Billboard August 28, 1976, page 46
NEW YORK - Determined to keep the QS four-channel light burning, Sansui Electronics has been active on both sides of the Atlantic. Radio Clyde in Scotland recently tested live quad broadcasts with the Sansui system. and a syndicated series of QS jazz concerts from
Cleveland's Agora Club is airing in 40 major markets.
The current jazz renaissance is the main factor in Sansui's sponsorship of the jazz series, featuring a variety of label artists. It allows local dealers to tie in their own specials with the nationally advertised products on the three commercials per weekly show, according to Ken Hoshino, vice president, marketing and sales.
Each of the 13 hour-long "Sansui's New World of Jazz" shows is being produced and engineered at Hank LoConti's Agency Recording Studio, above his Agora Ballroom.
Taped on Tuesday - "Jazz Night" at the club - each show's 16 -track master tape is mixed through the QS 4-channel encoder for distribution to the 40 FM stations that bought the
initial series.
Each station gets a 2:1 duplicate off an Ampex AG440 unit, on Scotch 207 open reel for top quality replay.

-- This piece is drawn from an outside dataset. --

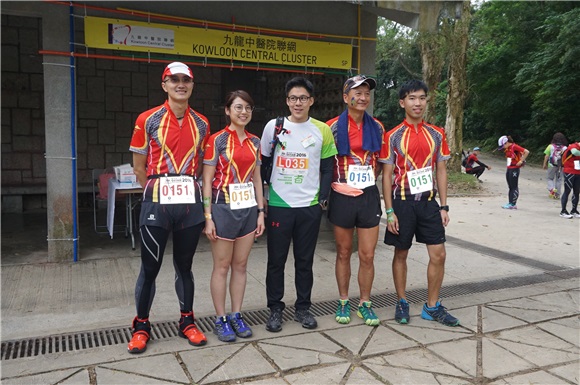 霍启刚与郭晶晶出席一年一度毅行者活动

Three shows are shipped at time, so that a station is never "down to the last day" on programming, and most are aired over the weekend.
The mixture of stations indicate the crossover interest in the jazz artists, with formats running the gamut from WMMS, Cleveland's progressive rocker, to KKSS, St. Louis soul
outlet; KFSD, San Diego's classical jazz combo, and WRVR New York's jazz showcase.
Initial artist roster also reflects the crossover appeal. After Billy Cobham (Atlantic) kicked off the series the week of July 10, he was followed in successive weeks by the Brecker Brothers (Arista), Weather Report (Columbia), Dave Liebman & Lookout Farm (A&M), Larry Coryell & the 11th House (Arista).
Rounding out the series, which will be continued based on initial reaction, are Michael Urbaniak (Arista), Ben Sidran (Arista), Pat Martino (WB), Ronnie Laws (UA), John (ABC), Gary Burton (ECM), Gabor Szabo (Mercury) and Dave Brubeck (Atlantic).
"Sansui's exclusive sponsorship of this show," notes Hoshino, "represents our desire to go beyond the hi fi magazines to reach many more of our potential customers. Jazz isvery popular in Japan and I am really glad to see the amount of interest stations and listeners are showing in our jazz series."
The company produced commercials about the full product line of receivers, amplifiers and turntables, as well as the QS 4-channel receivers and decoders, with local dealers alerted to each week's featured items to tie in their own top items. National advertising backing the series is appearing in a number of consumer music books.
In Scotland, Glasgow's progressive Radio Clyde broadcast its first live quad concerts using the Sansui QS system June 25 and July 2. Special 4-channel mike techniques were used to maximize the quad effect of the "Promo 76" concerts by the Scottish National Orchestra, direct from Kelvin Hall there.
Radio Clyde joined Radio Piccadilly in the U.K., which was the first to conduct QS broadcast tests there several months ago. Both tests were monitored by the Independent
Broadcasting Authority which approved the broadcasts. Other European stations reportedly are keenly interested in the potential of the 4- channel market.
A Sansui QSE-5B broadcast encoder was used at Kelvin Hall and a QS vario matrix decoder at Radio Clyde's Anderson Cross Centre Studios to monitor the broadcast. The listeners - the station's signals have a potential audience of 2 million - were able to receive normal mono reception, widened stereo reception and for those already into the fledgling 4-channel mart in the U.K., the full quad effect.